Oturduğumuz tüm evlerden kapı dışarı edilmiş ve iş bulamamıştık. Eğer bu ülkede öğrenciysen ancak part time iş yapabiliyordun. Onun da parası insanı geçindirecek kadar yeterli olmuyordu. Bunun yanı sıra Ji hyun sinirli yapısıyla defalarca kovulmamıza neden oluyordu. Bize sarkıntılık yapan erkekleri dayakla güzel bir terbiye ediyordu.
Bizim 'koruyucu meleğimiz' evet ama artık huzurlu bir iş bulup bu sefillikten kurtulmamız gerekiyordu.
Elimizdeki bavullarla Seul sokaklarında. Evsiz , işsiz ve çulsuz olarak dolaşmaktan başka çaremiz yokken.
'Kaçıncı atılışımız sayamadım artık" diye sitem etti Sae jin. Uzun süre suskunluğundan doğrusu bir sitemin geleceğini anlamıştım.Sae Jin sakin bir yapıya sahip olsa da tersi çok fenaydı. Bu yüzden damarına basmamaya çoğunlukla özen gösterirdik.
"Keyiften mi ödemiyoruz insanlarda vicdan kalmamış" diye söylendi Ji hyun. O da sinirli bir yapıya sahipti ama Sae Jin'den tek farkı bunu her zaman yapmasıydı.
"Pekala sakin olun ve derin nefes alın" dedim. Artık buna bir son verip mantıklı düşünmeye çalışarak.
"Nefes alınca gökden ev mi incek!!" diye söylendi yine Ji hyun.
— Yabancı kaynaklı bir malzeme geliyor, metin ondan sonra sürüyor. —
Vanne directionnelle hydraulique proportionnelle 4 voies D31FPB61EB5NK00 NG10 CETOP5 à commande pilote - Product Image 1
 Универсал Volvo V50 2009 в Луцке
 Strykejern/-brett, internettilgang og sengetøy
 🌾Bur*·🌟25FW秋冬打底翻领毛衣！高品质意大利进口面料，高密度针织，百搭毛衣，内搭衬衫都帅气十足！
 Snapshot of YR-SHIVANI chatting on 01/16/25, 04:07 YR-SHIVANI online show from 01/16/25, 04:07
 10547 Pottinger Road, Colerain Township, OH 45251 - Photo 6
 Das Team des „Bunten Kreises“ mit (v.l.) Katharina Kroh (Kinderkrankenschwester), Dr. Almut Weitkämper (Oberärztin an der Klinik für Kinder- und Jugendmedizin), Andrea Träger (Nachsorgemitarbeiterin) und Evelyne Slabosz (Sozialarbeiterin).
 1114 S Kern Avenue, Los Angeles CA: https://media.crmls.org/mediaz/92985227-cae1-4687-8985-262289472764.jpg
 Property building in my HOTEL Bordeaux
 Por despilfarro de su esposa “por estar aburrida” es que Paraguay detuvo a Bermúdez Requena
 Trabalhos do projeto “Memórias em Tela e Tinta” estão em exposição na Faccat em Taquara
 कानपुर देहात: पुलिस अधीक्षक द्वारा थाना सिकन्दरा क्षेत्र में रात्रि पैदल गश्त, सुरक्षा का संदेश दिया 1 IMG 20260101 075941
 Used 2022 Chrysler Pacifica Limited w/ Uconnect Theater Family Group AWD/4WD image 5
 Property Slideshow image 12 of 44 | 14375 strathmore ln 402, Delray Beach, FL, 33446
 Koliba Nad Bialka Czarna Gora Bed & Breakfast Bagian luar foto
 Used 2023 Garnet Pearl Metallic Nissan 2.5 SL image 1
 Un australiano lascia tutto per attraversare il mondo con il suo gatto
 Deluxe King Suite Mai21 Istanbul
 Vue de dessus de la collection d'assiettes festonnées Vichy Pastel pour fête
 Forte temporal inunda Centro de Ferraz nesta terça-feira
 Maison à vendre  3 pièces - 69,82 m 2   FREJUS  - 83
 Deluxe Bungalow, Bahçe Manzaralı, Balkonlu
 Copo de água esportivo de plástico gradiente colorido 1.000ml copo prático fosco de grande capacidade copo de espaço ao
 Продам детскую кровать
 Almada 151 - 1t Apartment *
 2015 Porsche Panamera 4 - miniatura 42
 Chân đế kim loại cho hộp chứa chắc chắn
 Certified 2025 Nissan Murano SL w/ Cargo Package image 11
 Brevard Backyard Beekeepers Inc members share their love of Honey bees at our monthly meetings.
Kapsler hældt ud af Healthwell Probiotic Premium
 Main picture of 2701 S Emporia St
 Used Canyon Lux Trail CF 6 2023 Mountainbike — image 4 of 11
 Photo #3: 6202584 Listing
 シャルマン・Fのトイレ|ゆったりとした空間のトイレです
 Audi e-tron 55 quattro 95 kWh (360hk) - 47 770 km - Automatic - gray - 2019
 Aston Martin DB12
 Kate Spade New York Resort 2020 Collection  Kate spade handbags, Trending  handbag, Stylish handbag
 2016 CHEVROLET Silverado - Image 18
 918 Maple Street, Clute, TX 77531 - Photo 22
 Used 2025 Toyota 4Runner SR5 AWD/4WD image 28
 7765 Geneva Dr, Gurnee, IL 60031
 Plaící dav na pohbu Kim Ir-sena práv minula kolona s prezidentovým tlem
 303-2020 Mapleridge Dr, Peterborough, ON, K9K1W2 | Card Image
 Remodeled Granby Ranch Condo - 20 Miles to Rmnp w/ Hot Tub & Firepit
Ne beklenirdi ki!
"Aish! Ne haliniz varsa görün" diye bağırıp hızlı adımlarla ilerlemeye başladım. Yola atladığımda yeşil ışıkta kalkışta olan arabayı farketmemiştim ve bana çarpıp beni yere savurmuştu. Ne olduğunu anlamamış, kendime gelmeye çalışırken. Gözlerimi araladığımda karşımda gördüğüm sekiz kafa beni şaşırtmıştı
"Soo Jung !" diye bağıran kızlar iki genci itip yanıma geldiler
"Hastane hastane" demişti şaşkın bakışlı genç.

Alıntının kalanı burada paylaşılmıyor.